START Records to use

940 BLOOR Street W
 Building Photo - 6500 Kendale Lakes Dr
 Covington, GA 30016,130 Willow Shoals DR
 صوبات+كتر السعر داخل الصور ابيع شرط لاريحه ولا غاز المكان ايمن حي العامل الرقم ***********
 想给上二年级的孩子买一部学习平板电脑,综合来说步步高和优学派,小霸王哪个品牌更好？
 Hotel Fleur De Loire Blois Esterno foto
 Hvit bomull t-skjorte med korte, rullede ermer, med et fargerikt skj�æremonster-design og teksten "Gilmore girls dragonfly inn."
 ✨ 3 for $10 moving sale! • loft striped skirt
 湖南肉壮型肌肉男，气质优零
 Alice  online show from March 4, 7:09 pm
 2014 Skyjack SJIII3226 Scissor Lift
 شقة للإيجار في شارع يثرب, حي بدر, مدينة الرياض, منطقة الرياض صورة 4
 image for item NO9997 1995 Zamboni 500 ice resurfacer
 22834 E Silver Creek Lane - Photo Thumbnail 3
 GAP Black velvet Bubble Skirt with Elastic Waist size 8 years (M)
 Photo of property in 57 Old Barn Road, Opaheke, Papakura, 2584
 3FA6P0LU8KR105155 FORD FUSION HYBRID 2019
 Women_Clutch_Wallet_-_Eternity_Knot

END Records to use

_Work request_
Everything from the line with "loft striped skirt" to the last line of the entries is to be written out exactly; omit all earlier lines.

_Solution for this exercise_
 ✨ 3 for $10 moving sale! • loft striped skirt
 湖南肉壮型肌肉男，气质优零
 Alice  online show from March 4, 7:09 pm
 2014 Skyjack SJIII3226 Scissor Lift
 شقة للإيجار في شارع يثرب, حي بدر, مدينة الرياض, منطقة الرياض صورة 4
 image for item NO9997 1995 Zamboni 500 ice resurfacer
 22834 E Silver Creek Lane - Photo Thumbnail 3
 GAP Black velvet Bubble Skirt with Elastic Waist size 8 years (M)
 Photo of property in 57 Old Barn Road, Opaheke, Papakura, 2584
 3FA6P0LU8KR105155 FORD FUSION HYBRID 2019
 Women_Clutch_Wallet_-_Eternity_Knot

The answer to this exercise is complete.